Myroslav Gerasymovych, the Ukrainian poet who gave his life for Europe

Sofia Fornari
02/12/2024
Frontiers

The death of Miroslav Gerasymovych, Ukrainian poet and soldier, is a cry that resounds in the heart of our continent. Fallen on 29 November 2024 in the Donetsk region, a few days before his 57th birthday, Myroslav chose to embody the fate that poets often sing about, but rarely live. His is a story intertwined with that of a Europe that, amidst the rubble of an absurd conflict, struggles to remember that it is a dream, a utopia, a novel.

“On this earth, young and old,
each of us will die one day.
Therefore consider it fortunate
If you have met your death,
In battle for the ashes of your ancestors,
The smoke of the native altars.”

Miroslav Gerasymovych


A poet in the heart of war

Born in Lutsk in 1967, raised amidst the long shadows of the Soviet Union and the first lights of an independent Ukraine, Gerasymovych lived as a man who never allowed himself the luxury of indifference. A journalism graduate from Kyiv, a polished writer and screenwriter, he turned words into a weapon and refuge.

With the outbreak of war, Myroslav made a radical choice: he stopped narrating Ukraine in order to defend it. Not with metaphors, but with his body, with hands that until then had only caressed pens and papers. He volunteered in 2022, leaving a life of pages and silences to immerse himself in the din of bombs. But he never stopped writing.

His poems, born in the trenches, were not a simple war diary: they were songs of liberation, verses that recounted the sacrifice of an entire nation against the invader, turning pain and blood into hope. Myroslav spoke to the whole world, with the voice of one who knows that freedom is built in the mud and among ruins, and that poetry can be a sharper sword than any weapon.

A European Hero

Gerasymovych died in Donetsk, but his soul belongs to the whole of Europe. Because Europe, if it still has meaning, owes it to men like him: men who choose to believe in something greater than their time, their land, even their lives. His battle was not just for Ukraine, but for that fragile and sublime idea of freedom that spans the centuries and unites our diversity.

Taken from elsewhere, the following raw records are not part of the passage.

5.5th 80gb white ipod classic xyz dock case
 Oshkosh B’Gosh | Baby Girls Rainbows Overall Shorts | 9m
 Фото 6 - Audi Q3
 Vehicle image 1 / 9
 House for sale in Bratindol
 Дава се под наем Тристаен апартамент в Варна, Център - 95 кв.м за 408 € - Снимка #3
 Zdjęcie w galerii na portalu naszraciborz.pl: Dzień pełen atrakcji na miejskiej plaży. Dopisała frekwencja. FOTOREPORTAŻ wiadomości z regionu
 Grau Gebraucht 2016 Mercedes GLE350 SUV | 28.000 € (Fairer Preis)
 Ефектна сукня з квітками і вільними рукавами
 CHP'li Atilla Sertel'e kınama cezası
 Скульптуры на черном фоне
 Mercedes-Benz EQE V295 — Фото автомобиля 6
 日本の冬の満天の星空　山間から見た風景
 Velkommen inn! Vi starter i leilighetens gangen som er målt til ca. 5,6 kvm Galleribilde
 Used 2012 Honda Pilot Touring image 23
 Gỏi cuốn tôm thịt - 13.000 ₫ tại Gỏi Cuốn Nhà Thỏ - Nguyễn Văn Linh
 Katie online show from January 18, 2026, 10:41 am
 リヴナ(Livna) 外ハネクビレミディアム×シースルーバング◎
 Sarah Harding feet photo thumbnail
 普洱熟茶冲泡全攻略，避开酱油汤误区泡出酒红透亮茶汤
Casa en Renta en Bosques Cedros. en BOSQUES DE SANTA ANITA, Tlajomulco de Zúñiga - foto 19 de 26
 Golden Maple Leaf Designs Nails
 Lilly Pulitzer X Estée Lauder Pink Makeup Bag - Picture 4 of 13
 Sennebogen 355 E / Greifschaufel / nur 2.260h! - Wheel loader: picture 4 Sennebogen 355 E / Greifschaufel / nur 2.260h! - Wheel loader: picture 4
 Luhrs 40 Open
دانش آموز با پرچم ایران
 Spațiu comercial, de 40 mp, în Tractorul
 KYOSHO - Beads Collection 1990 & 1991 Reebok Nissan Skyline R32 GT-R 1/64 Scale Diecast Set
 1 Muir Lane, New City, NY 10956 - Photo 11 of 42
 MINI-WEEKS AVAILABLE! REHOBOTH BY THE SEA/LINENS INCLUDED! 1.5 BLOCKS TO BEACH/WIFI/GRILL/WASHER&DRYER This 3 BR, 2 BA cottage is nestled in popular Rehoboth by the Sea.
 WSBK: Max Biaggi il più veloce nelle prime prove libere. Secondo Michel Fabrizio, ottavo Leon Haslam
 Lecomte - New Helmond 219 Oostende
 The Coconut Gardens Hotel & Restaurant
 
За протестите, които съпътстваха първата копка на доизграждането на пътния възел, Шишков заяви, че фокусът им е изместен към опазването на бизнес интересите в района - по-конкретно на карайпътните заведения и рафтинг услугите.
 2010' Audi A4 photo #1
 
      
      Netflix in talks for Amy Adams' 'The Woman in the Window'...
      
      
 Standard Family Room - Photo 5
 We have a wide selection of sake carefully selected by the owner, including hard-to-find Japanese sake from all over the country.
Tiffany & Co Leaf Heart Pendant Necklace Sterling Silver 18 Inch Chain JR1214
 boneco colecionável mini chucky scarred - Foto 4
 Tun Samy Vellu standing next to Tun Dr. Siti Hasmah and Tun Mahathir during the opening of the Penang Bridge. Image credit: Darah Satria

His poems were a manifesto of resistance and a call to memory. Each of his verses knew how to transform conflict into an act of collective redemption, a struggle not only for Ukraine but for that universal idea of human dignity that is at the very heart of the European dream.

Europe as a novel

Europe must stop thinking of itself as a geography or a bureaucracy. It must become a narrative, an interweaving of stories, a mosaic of characters and destinies converging in a single dream. Myroslav Gerasymovych is the symbol of this. His life and his death tell us that Europe is a poetic, not a political project. It is the desire of men and women to live united while remaining different, to build an invisible cathedral made of words, gestures and ideals.

If we do not learn to narrate Europe, we will lose it. Because only narratives survive wars, crises, disappointments. And poets are the keepers of these tales, the visionaries who see beyond the fog of the present.

The future belongs to those who imagine it

Today, we mourn Myroslav Gerasymovych as a European hero. But tomorrow, we must reap his legacy. His death calls us to imagine a future in which Europe will no longer be an empty word, but a living poem. And that future begins now, with the courage of those who, like him, believe that beauty and freedom are worth every sacrifice.

Myroslav recounted the war in his verses. The mud of the trenches, the fear of the night, the pain of losses became living matter in his hands, words that could redeem and unite. There was an awareness in him that the fight for freedom belongs not only to soldiers, but also to those who, like poets, can see beyond it.

Europe, in the end, will or will not be. It depends on us. It depends on who will have the courage to tell it as Myroslav Gerasymovych experienced it: with a pen in one hand and a rifle in the other. Because Europe is not just a place. It is an idea. It is a story. It is a dream that we must learn to dream again.